Rhossili Bay lay ahead of me, a vast arc of sand below the cliffs and the unspoiled Downs. The sea, reflecting the sky, had a grayish cast. Leaving the car park, I walked past the hotel to the end of the road and moved down the track to the three cottages that belonged to the Coastguard.
One of the coastguards was pottering around his garden. In answer to my inquiry he told me that low water would be around twelve thirty in the afternoon on the following day, and the Shipway would be passable at ten.
I walked out to the tip of the headland and twenty minutes later I was standing on the edge of the cliffs that faced the Worm. The Shipway was a whirlpool of waves shot with angry flecks of foam. The three humps of the Inner, Middle and Outer Heads, ringed with white water, rose from the sea like a monster; I could clearly see how the Worm had earned its name which had once meant “the Dragon,” and as I stood there, Saint George on a cliff top, I felt as if I were contemplating the ordeal that would make me a legend. All I needed now to complete the myth was the maiden and in less than an hour’s time Gwyneth Llewellyn was due to keep her appointment with me in Penhale churchyard.
Not even Saint George could have asked for more.

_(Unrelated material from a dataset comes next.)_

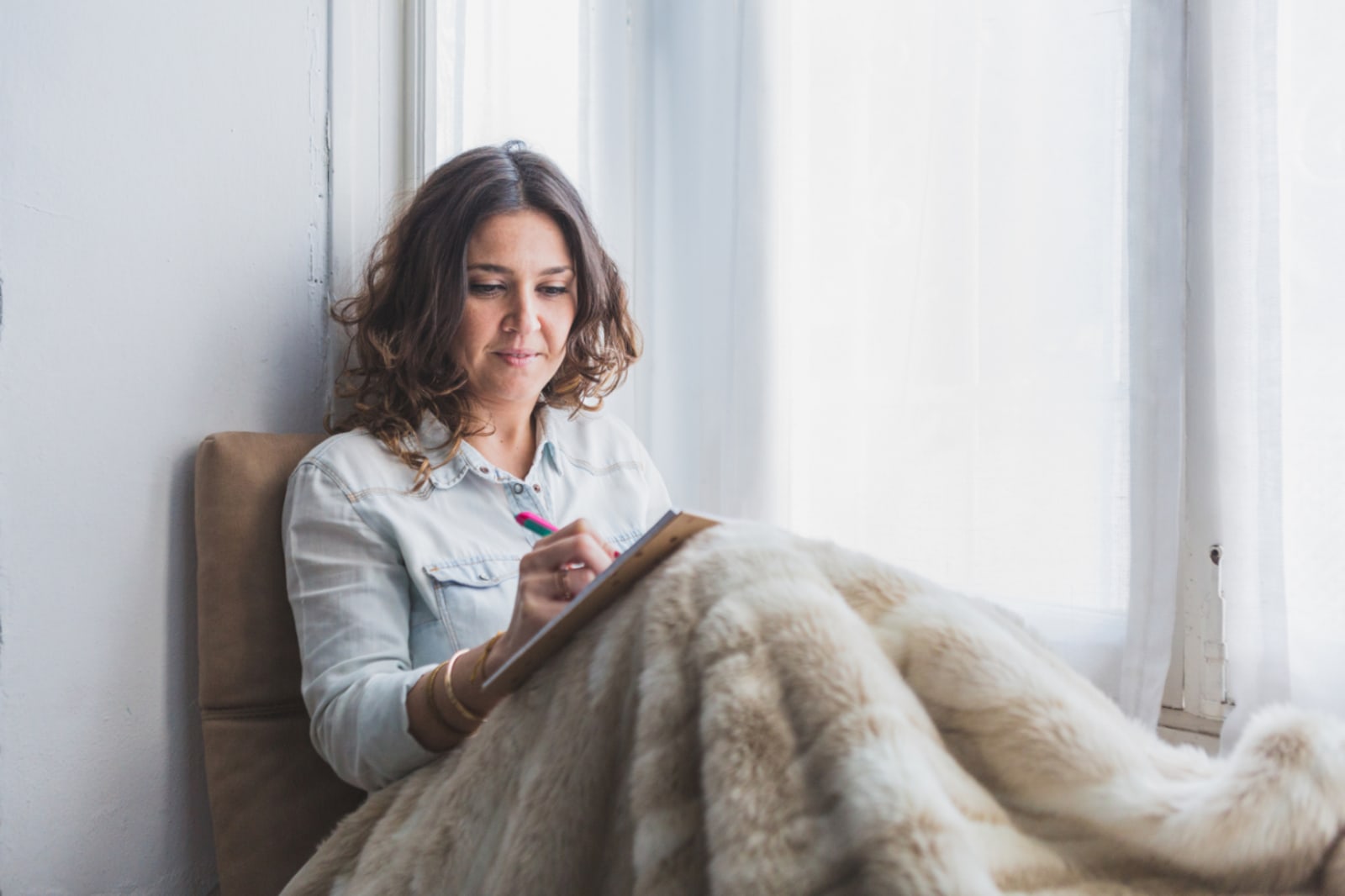 A woman writing in a journal by a bright window, wrapped in a soft blanket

I retraced my steps to the car.
IX
The lych-gate creaked beneath my hand. I walked up the path to the church. Here was old, old age indeed, weathered stones, ancient glass, enduring slate—all representing a profound peace which mocked the vapid transience of twentieth-century values. This church had seen many fashions come and go and had outlived all of them. The ideology it represented was a closed book to me but I respected its permanence.